**YOUR TASK**
Line for line, the listing below is to be transcribed exactly.

**MATERIAL SUPPLIED**

——————

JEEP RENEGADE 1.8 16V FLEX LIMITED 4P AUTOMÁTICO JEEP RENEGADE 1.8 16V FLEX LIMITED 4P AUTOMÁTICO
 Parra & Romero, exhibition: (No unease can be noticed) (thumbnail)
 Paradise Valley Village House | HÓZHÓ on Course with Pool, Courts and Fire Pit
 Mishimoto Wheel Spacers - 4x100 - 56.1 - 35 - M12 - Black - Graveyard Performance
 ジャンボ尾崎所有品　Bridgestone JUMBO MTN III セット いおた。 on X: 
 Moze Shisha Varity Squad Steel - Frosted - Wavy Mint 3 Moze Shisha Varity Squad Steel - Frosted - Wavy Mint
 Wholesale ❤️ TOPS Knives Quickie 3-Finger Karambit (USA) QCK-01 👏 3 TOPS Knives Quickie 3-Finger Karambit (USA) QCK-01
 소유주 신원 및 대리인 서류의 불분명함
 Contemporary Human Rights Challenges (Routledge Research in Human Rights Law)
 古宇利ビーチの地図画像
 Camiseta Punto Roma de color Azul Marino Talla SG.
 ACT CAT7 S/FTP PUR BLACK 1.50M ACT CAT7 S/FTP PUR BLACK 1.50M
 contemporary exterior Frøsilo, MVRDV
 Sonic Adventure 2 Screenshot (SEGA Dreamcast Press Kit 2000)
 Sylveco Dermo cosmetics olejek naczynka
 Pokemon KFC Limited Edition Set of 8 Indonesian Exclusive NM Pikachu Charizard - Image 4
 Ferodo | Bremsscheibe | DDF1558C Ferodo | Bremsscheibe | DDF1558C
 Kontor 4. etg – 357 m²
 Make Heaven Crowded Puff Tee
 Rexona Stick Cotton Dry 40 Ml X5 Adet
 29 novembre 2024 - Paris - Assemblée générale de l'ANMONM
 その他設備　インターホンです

——————

**ANSWER BOX**
JEEP RENEGADE 1.8 16V FLEX LIMITED 4P AUTOMÁTICO JEEP RENEGADE 1.8 16V FLEX LIMITED 4P AUTOMÁTICO
 Parra & Romero, exhibition: (No unease can be noticed) (thumbnail)
 Paradise Valley Village House | HÓZHÓ on Course with Pool, Courts and Fire Pit
 Mishimoto Wheel Spacers - 4x100 - 56.1 - 35 - M12 - Black - Graveyard Performance
 ジャンボ尾崎所有品　Bridgestone JUMBO MTN III セット いおた。 on X: 
 Moze Shisha Varity Squad Steel - Frosted - Wavy Mint 3 Moze Shisha Varity Squad Steel - Frosted - Wavy Mint
 Wholesale ❤️ TOPS Knives Quickie 3-Finger Karambit (USA) QCK-01 👏 3 TOPS Knives Quickie 3-Finger Karambit (USA) QCK-01
 소유주 신원 및 대리인 서류의 불분명함
 Contemporary Human Rights Challenges (Routledge Research in Human Rights Law)
 古宇利ビーチの地図画像
 Camiseta Punto Roma de color Azul Marino Talla SG.
 ACT CAT7 S/FTP PUR BLACK 1.50M ACT CAT7 S/FTP PUR BLACK 1.50M
 contemporary exterior Frøsilo, MVRDV
 Sonic Adventure 2 Screenshot (SEGA Dreamcast Press Kit 2000)
 Sylveco Dermo cosmetics olejek naczynka
 Pokemon KFC Limited Edition Set of 8 Indonesian Exclusive NM Pikachu Charizard - Image 4
 Ferodo | Bremsscheibe | DDF1558C Ferodo | Bremsscheibe | DDF1558C
 Kontor 4. etg – 357 m²
 Make Heaven Crowded Puff Tee
 Rexona Stick Cotton Dry 40 Ml X5 Adet
 29 novembre 2024 - Paris - Assemblée générale de l'ANMONM
 その他設備　インターホンです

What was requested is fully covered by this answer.